===== Data section =====

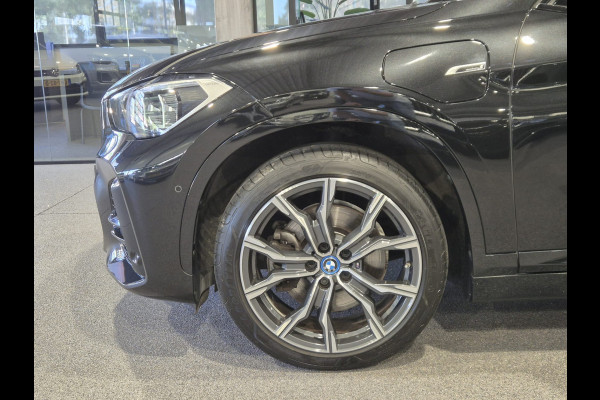 BMW X1 xDrive25e High Executive M-Sport | Panorama | 19” | Leder | HUD | Camera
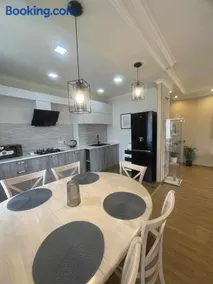 Tbilisi apartment - Image 2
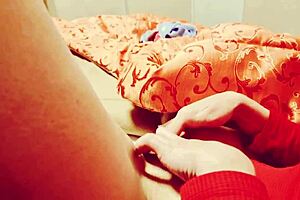 Chica Caliente No Aguanta Masturbarse Antes De La Cena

=====

Write the listing above out again exactly, dropping each image.

*Expected answer:*
 BMW X1 xDrive25e High Executive M-Sport | Panorama | 19” | Leder | HUD | Camera
 Tbilisi apartment - Image 2
 Chica Caliente No Aguanta Masturbarse Antes De La Cena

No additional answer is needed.